It is strongly suggested that this funding should be wrapped into the development of a new Canberra Festival …

So there are questions about taking it from the government’s autumn festival. Is the autumn festival disappearing and a Canberra festival appearing? Is the autumn festival staying and then some of the money going to a Canberra festival?

There are concerns that additional bureaucracy and wrapping tourism dollars into something else will lead to a lessening of the budget for tourism. That would be unfortunate and, I truly believe, unacceptable.

Concerns have also been raised with me about the lack of consultation during the process. I have asked a number of the accommodation providers whether they were consulted and I am yet to find one who said that the accommodation industry was asked for their opinion on how these events would work. A number of those people have said to me that in spring and in autumn—

Mr Barr: Because it was not about tourism, Brendan, it was about community events.

MR SMYTH: Mr Barr says it was not about them. It is about them because the report actually talks—

Mr Barr: The Loxton review is about events, not just tourism events. Didn’t you listen to anything I said?

MR SMYTH: He says it is not about tourism. Events and festivals are tourism. Mr Barr said earlier, “Some of these things have little or no tourism potential.” The question is: have you tried? How do you know that? Have you talked to the accommodation sector, for instance, and asked them how it affects them? When there is a festival or something on, does it get people out and while they are out they go to another attraction? I would suspect the minister does not know because a lot of people I speak to see the potential in some of the smaller community events as things that build. Mr Barr said: “Floriade started as a small event. Look at it now.”

You will not know until you have got a strategy to test, under reasonable grounds—and the Loxton report suggests economic and community benefit would be the two—

Mr Barr: But surely not even you are suggesting that the Father’s Day event is a tourism event?

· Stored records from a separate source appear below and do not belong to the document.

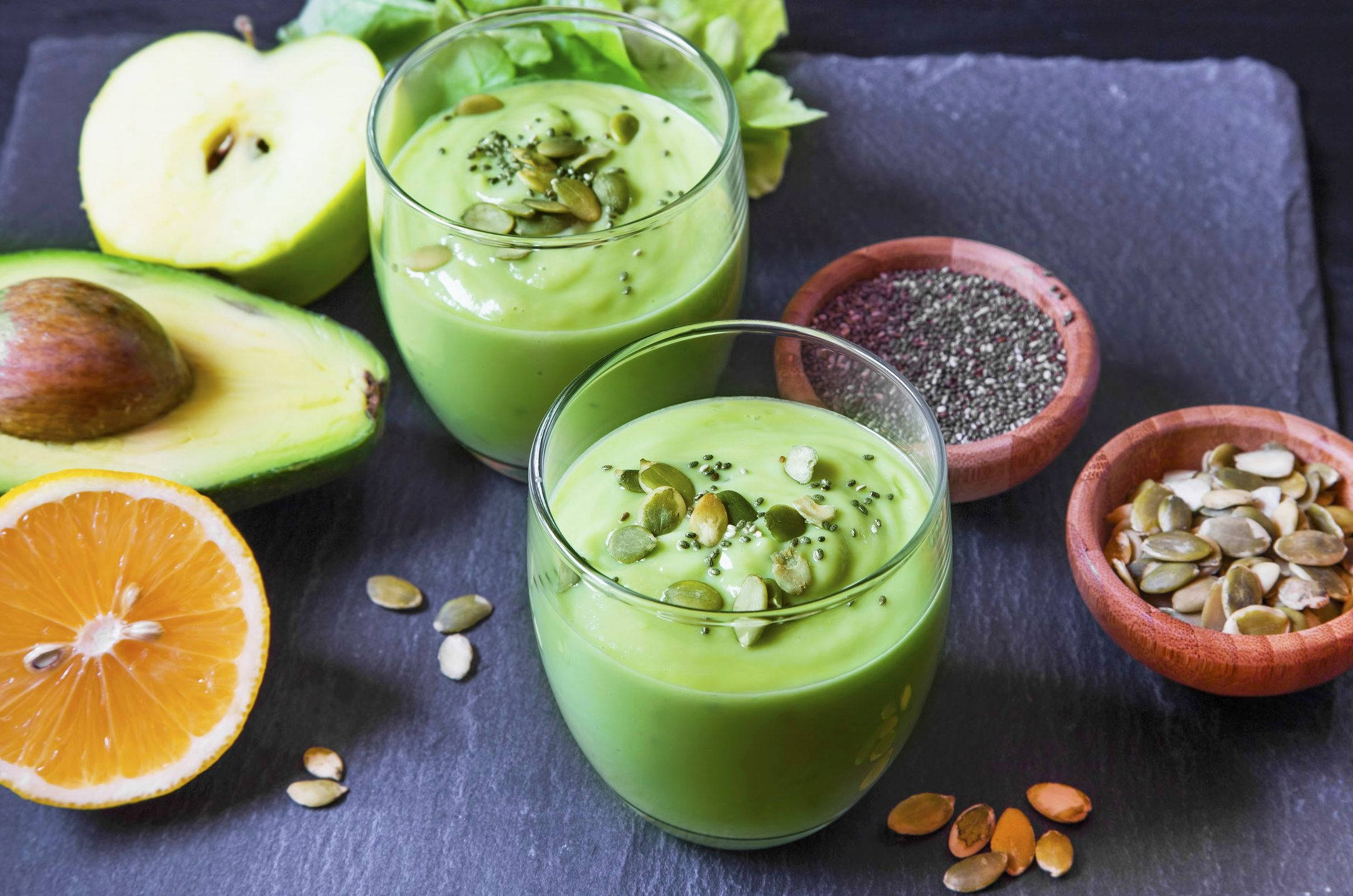 vibrant green smoothie, pumpkin seeds, chia seeds, Full HD Desktop Wallpaper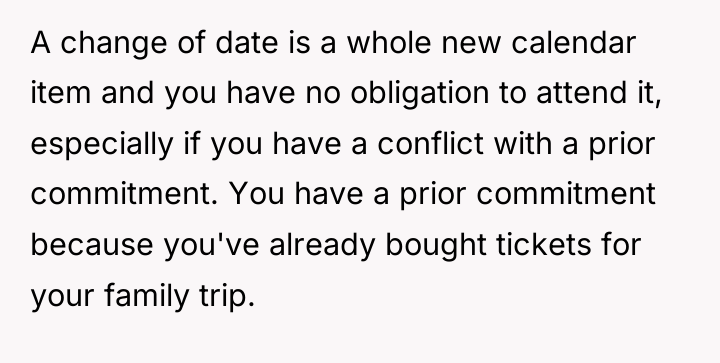 A change of date is a whole new calendar item...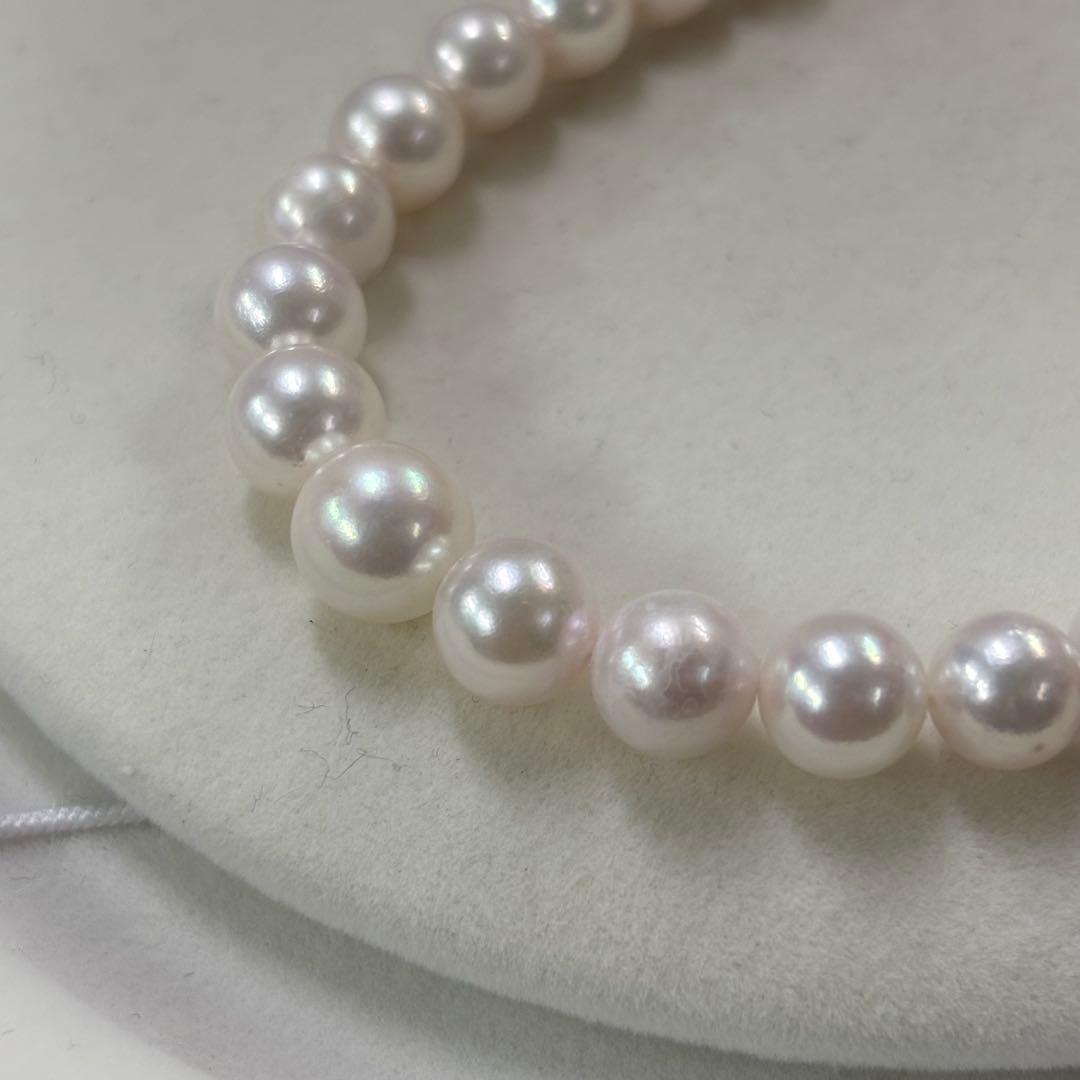 Akoya pearl necklace 44cm with 6.9-9.5mm gradient pearls from Ise-Shima Ago Bay displayed on a white background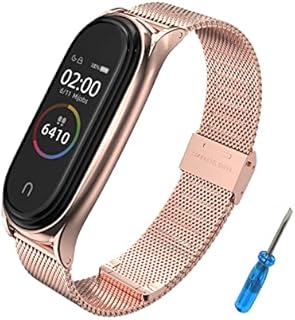 EasyULT Compatible with Xiaomi Band 7 Strap, Adjustable Stainless Steel Metal Replacement Strap Wristband, Straps Compatible with Xiaomi Band 7 (Non Host)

MR SMYTH: No, I am not suggesting that. That is the negativity of the minister: “Are you suggesting that every event will become a tourism event?” No, I did not say that. You know I did not say it. But Mr Negative over there, the man who cannot ever be wrong, has to make ridiculous statements every time we say it. The man who can never be wrong, the man who can never apologise and the man who cannot stand up and admit his mistakes, is lecturing me and others in this place. We did not hear from him earlier in the week, when the backflip was performed on his behalf by the department. “It is all the department’s fault.” That is the calibre of this man. He cannot stand up and say, “I have got it wrong.”